| Task to carry out |
With all images left out, restate the records below exactly as written.

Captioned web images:
__________________________________________________
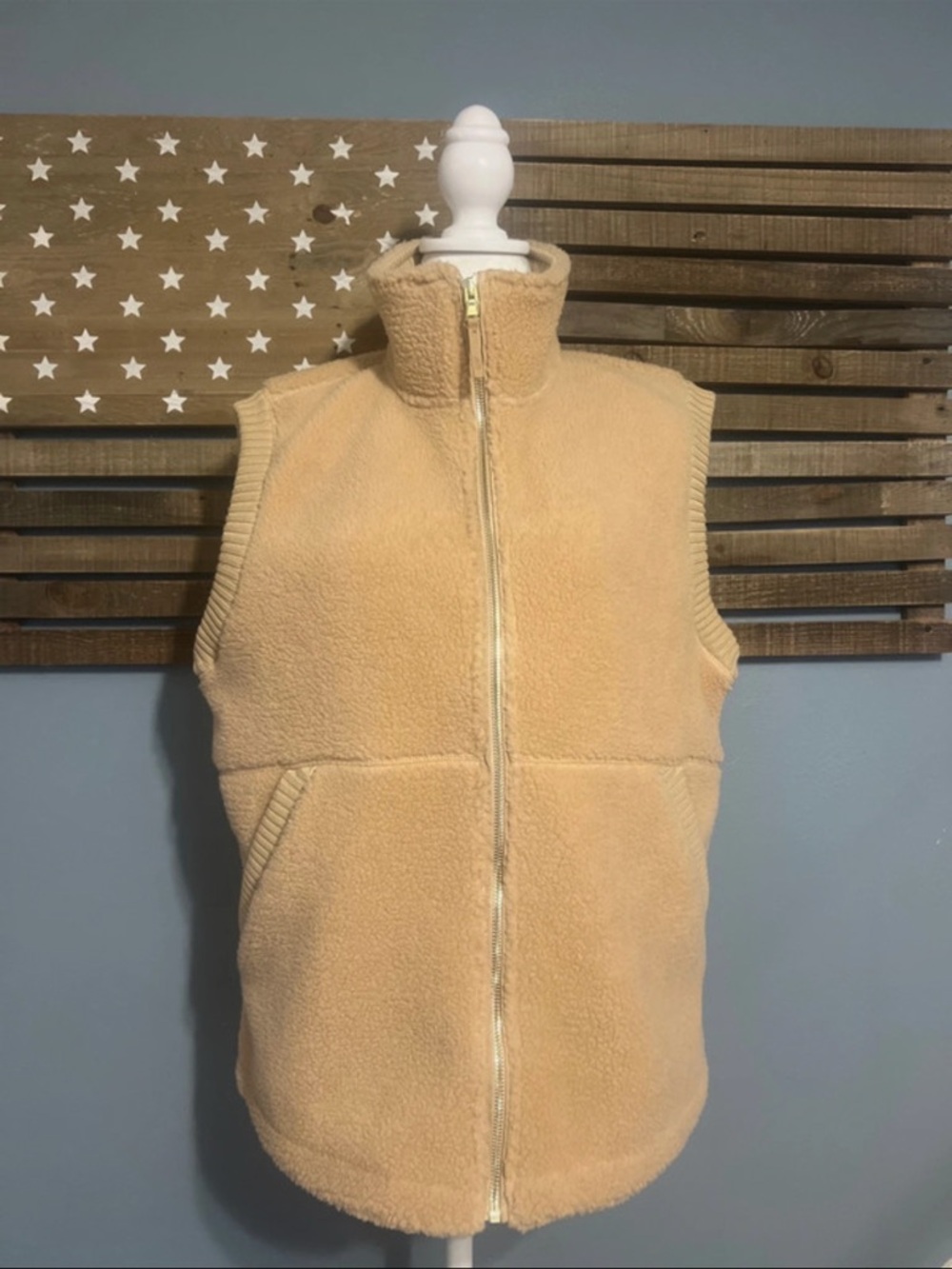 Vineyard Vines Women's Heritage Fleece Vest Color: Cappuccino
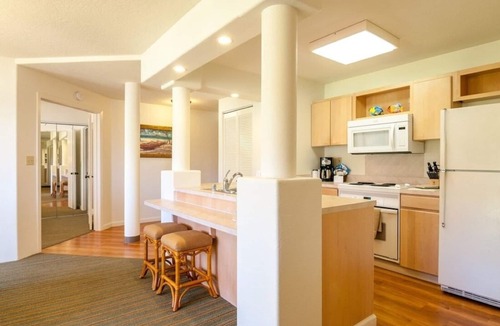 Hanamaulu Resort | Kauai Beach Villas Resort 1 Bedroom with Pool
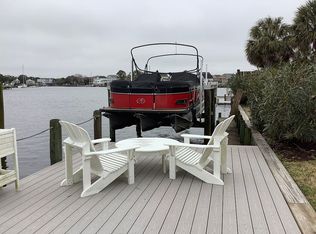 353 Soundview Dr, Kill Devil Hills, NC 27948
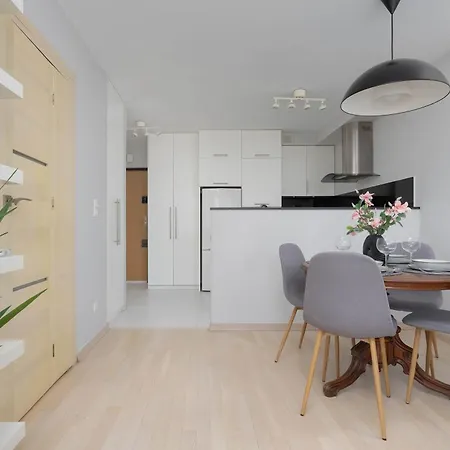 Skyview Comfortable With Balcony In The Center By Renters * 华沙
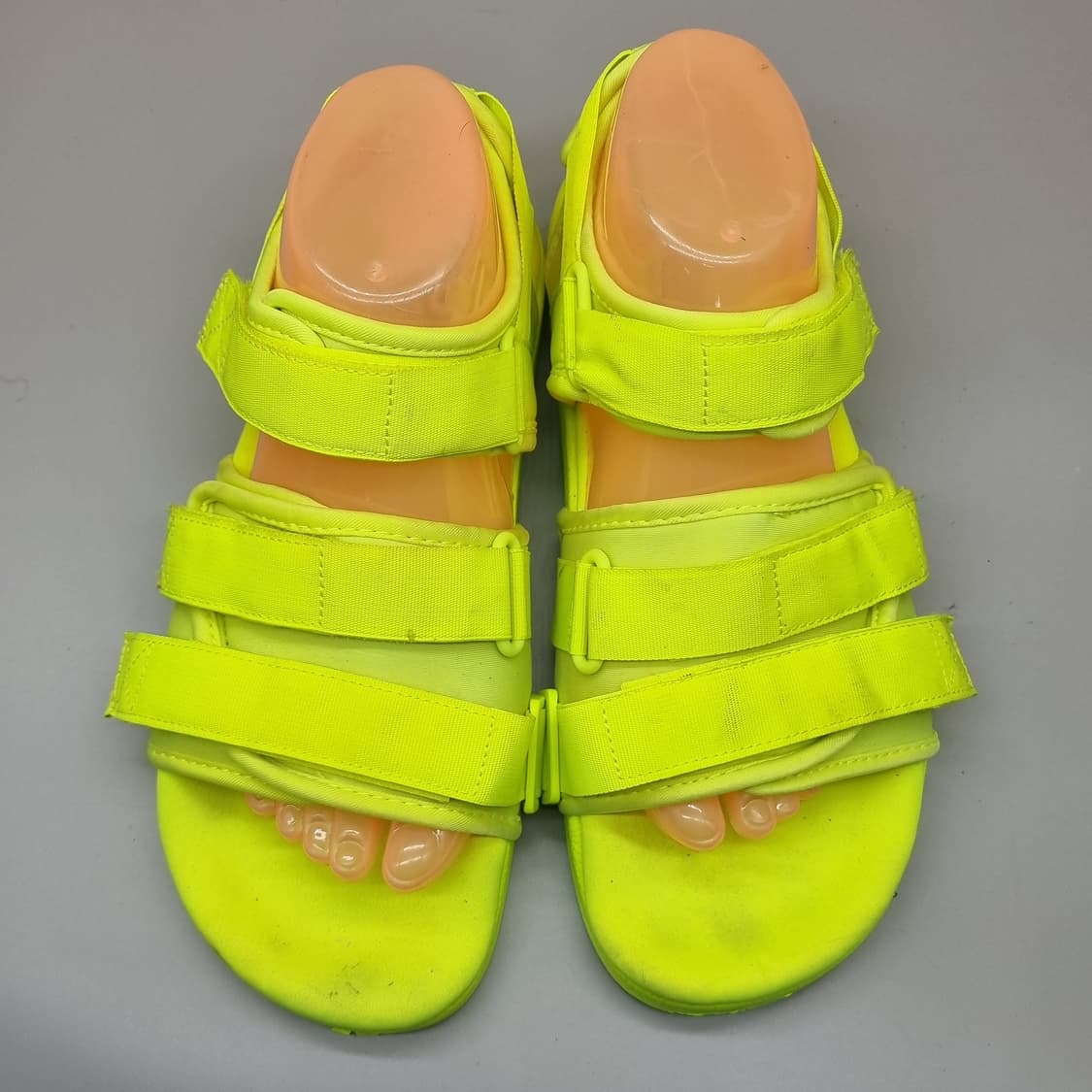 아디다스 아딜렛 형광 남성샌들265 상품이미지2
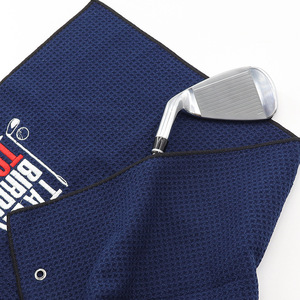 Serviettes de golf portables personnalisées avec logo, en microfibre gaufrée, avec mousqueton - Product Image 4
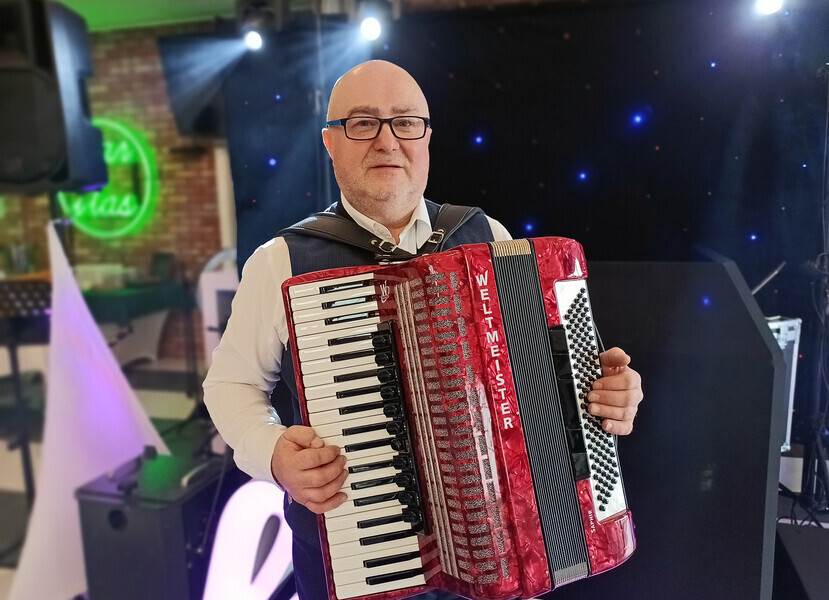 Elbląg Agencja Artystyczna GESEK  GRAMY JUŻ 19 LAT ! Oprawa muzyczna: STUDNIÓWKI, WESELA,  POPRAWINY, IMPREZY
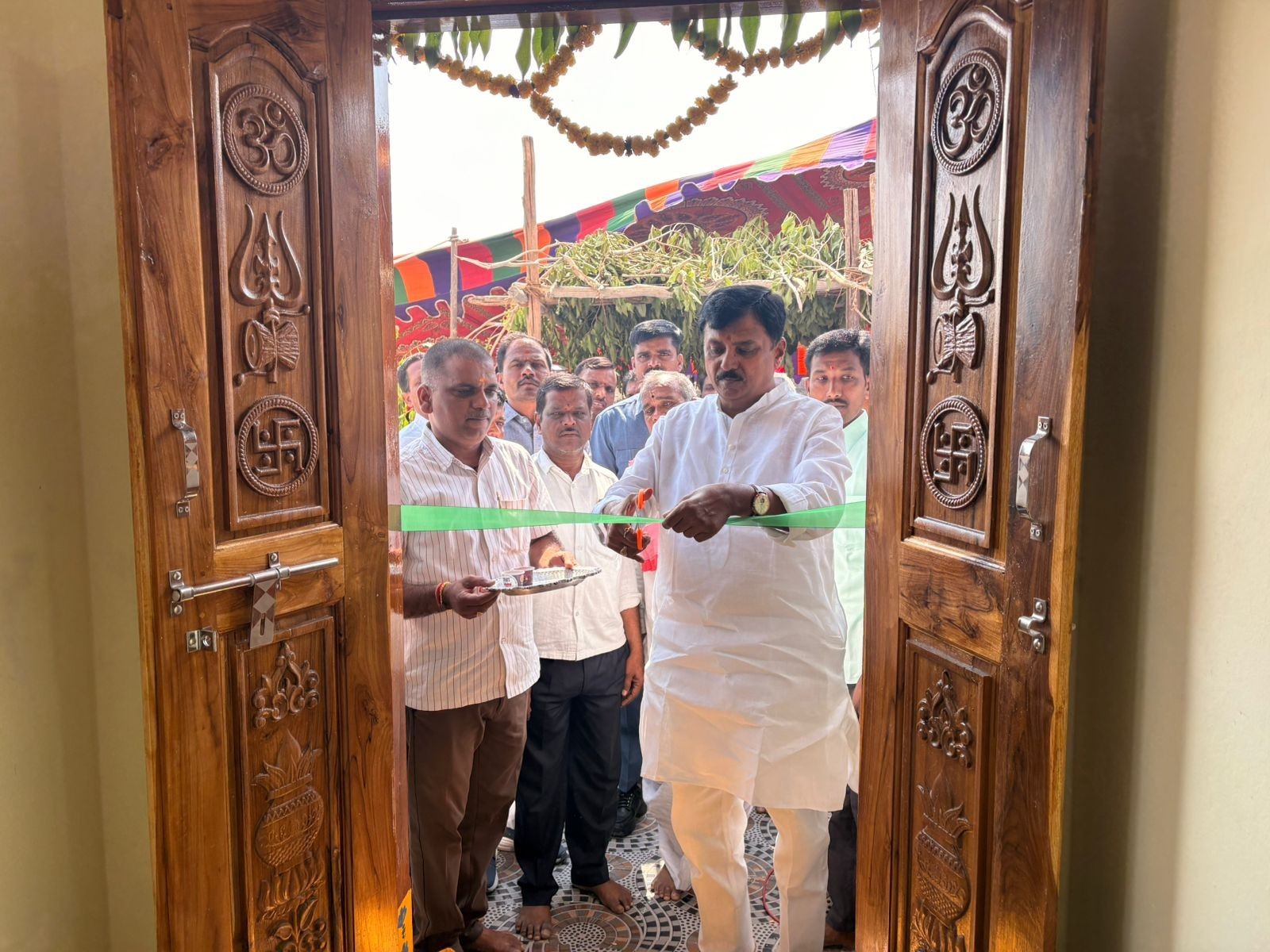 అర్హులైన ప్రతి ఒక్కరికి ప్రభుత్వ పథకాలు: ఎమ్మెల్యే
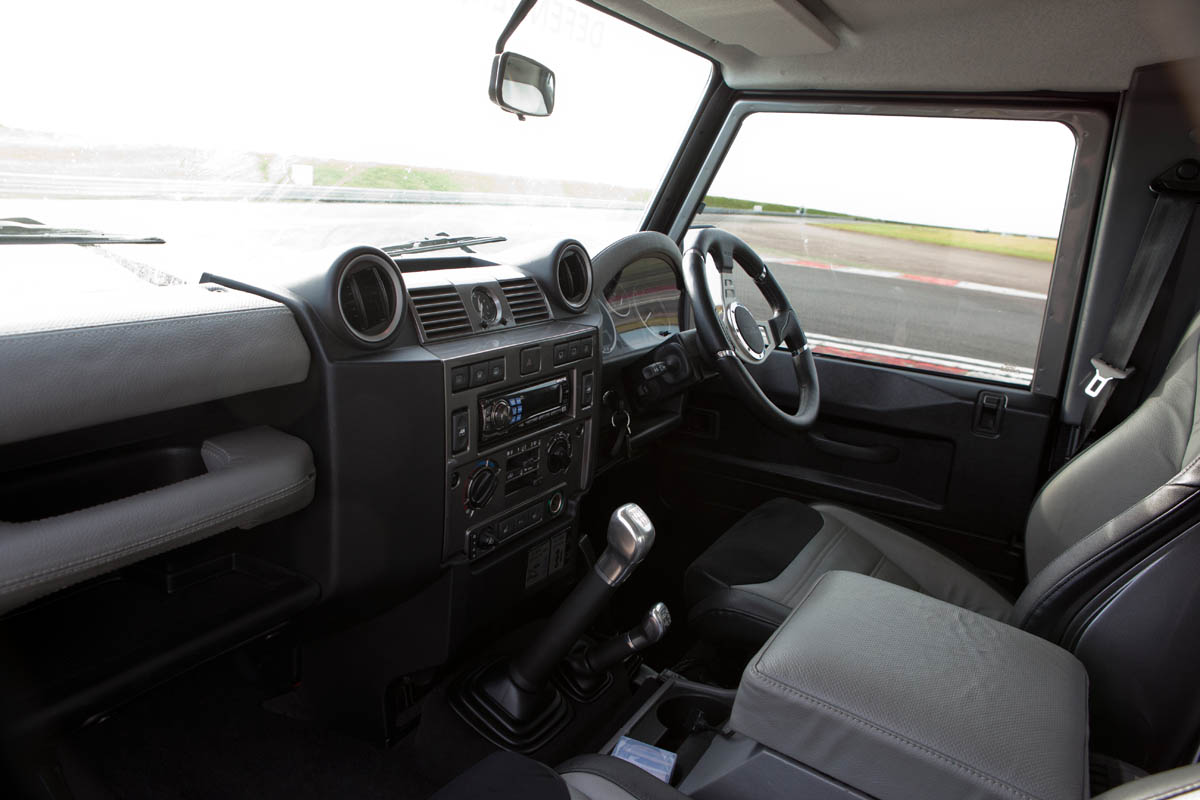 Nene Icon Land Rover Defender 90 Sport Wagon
__________________________________________________
| Completed exercise |
 Vineyard Vines Women's Heritage Fleece Vest Color: Cappuccino
 Hanamaulu Resort | Kauai Beach Villas Resort 1 Bedroom with Pool
 353 Soundview Dr, Kill Devil Hills, NC 27948
 Skyview Comfortable With Balcony In The Center By Renters * 华沙
 아디다스 아딜렛 형광 남성샌들265 상품이미지2
 Serviettes de golf portables personnalisées avec logo, en microfibre gaufrée, avec mousqueton - Product Image 4
 Elbląg Agencja Artystyczna GESEK  GRAMY JUŻ 19 LAT ! Oprawa muzyczna: STUDNIÓWKI, WESELA,  POPRAWINY, IMPREZY
 అర్హులైన ప్రతి ఒక్కరికి ప్రభుత్వ పథకాలు: ఎమ్మెల్యే
 Nene Icon Land Rover Defender 90 Sport Wagon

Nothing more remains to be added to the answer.